Para kyai besar pendiri pesantren di Jawa Timur dan Jawa Tengah banyak bersanad kepada para tokoh hasil gemblengan Syekh Abdul Mursyad.
Ulama dan para auliya’ memiliki peranan yang sangat signifikan dalam proses dakwah Islam di berbagai wilayah, termasuk sudut-sudut daerah di tanah Jawa. Peran para wali dan ulama seperti tokoh Walisongo beserta keturunan dan santri-santrinya telah memegang kendali yang sangat vital dalam laju tumbuh dakwah Islam di tanah Jawa. Begitu penting peran ulama dan para wali, Rasulullah SAW pernah bersabda, “Para ulama adalah pewaris para Nabi terdahulu”.
Di tanah Kediri, tepatnya di Komplek Pemakaman Setonolandean, kurang lebih 5 KM dari desa Mrican-Kota Madya Kediri-Jawa Timur, terdapat makam waliyullah dan penyebar Islam di wilayah Kediri dan sekitarnya: Syekh Abdul Mursyad. Beliau, menurut keterangan dari silsilah yang diterbitkan oleh Yayasan Kemanusiaan pimpinan Abu Mansur, dari garis ayah masih memiliki garis keturunan dengan Raden Patah-Demak. Beliau juga adalah salah satu dari putera Pangeran Demang II-Ngadiluwih. Kakeknya dikenal sebagai Pangeran Jalu alias Pangeran Demang I Setonogedong.
Kalau dirunut ke atas, silsislah Syekh Mursyad, menurut versi ini, adalah buyut dari Raden Panembahan Wirasmoro-Setonogedong, putera Sunan Prawoto, putera Sultan Trenggana, putera Raden Patah-Demak. Tanggal pasti masa hidupnya belum bisa diketahui secara meyakinkan, namun kemungkinan besar pada masa antara Demak akhir atau abad ke XV- XVI.
Versi lain mengenai garis keturunan Syekh Mursyad menjelaskan bahwa silsilah beliau berujung bukan kepada keturunan Kerajaan Demak, tetapi pada kerajaan Mataram Islam. Berdasarkan tulisan KH. Busrol Karim A Mughni (2012), Syekh Mursyad adalah keturunan dari Panembahan Senapati, pendiri Kesultanan Mataram.

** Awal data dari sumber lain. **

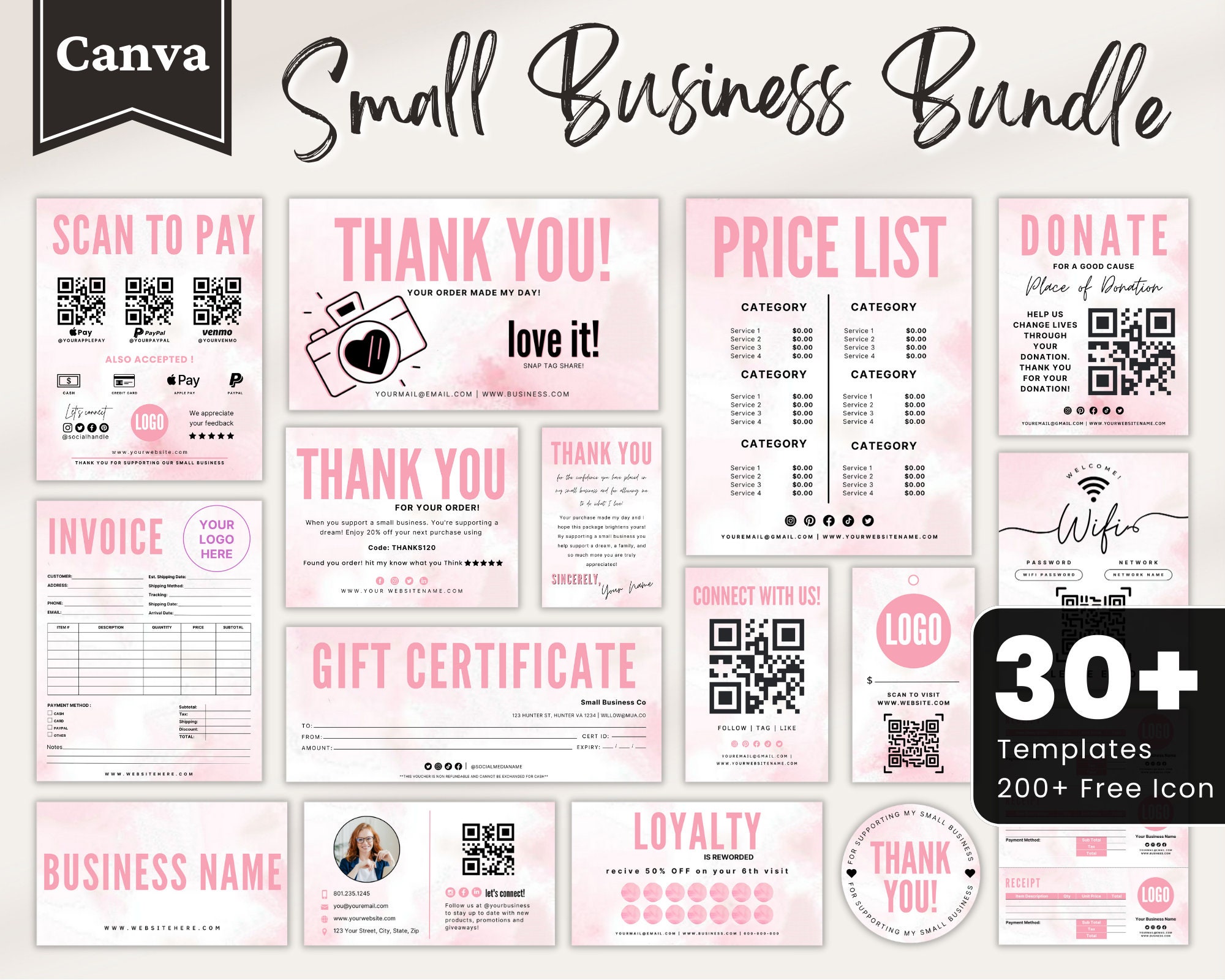 Craft Show Bundle, Order Form Template, Craft Fair Template, Scan To Pay Template, Small Business Bundle, Price List Template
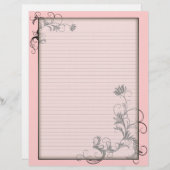 Optionele linnen briefhoofd met Floral Lijsten Roz (Voorkant / Achterkant)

Dua versi yang berbeda mengenai silsilah Syekh Abdul Mursyad tersebut disebabkan memang minimnya sumber tertulis dan bukti fisik guna melacak kepastian garis keturunan dari beliau. Tetapi secara garis besar, kemungkinan silsilah dari Syekh Abdul Mursyad dapat disimpulkan pada dua versi tersebut. Guna memastikan kepastian kebenaran dari salah-satunya, perlu diadakan penelitian lebih lanjut.
Selain silsilah, ada hal yang menarik yang berkaitan dengan makam Syekh Mursyad, berdasarkan tulisan dari Sigit Widiatmoko dan Alfian Fahmi, “Islamisasi di Kediri: Tokoh dan Strategi Islamisasi.” Makam beliau sebelumnya berada di kawasan pabrik gula Merican. Artinya, makam Syekh Mursyad yang berada di Setonolandean merupakan hasil pemindahan dari lokasi pabrik gula Merican.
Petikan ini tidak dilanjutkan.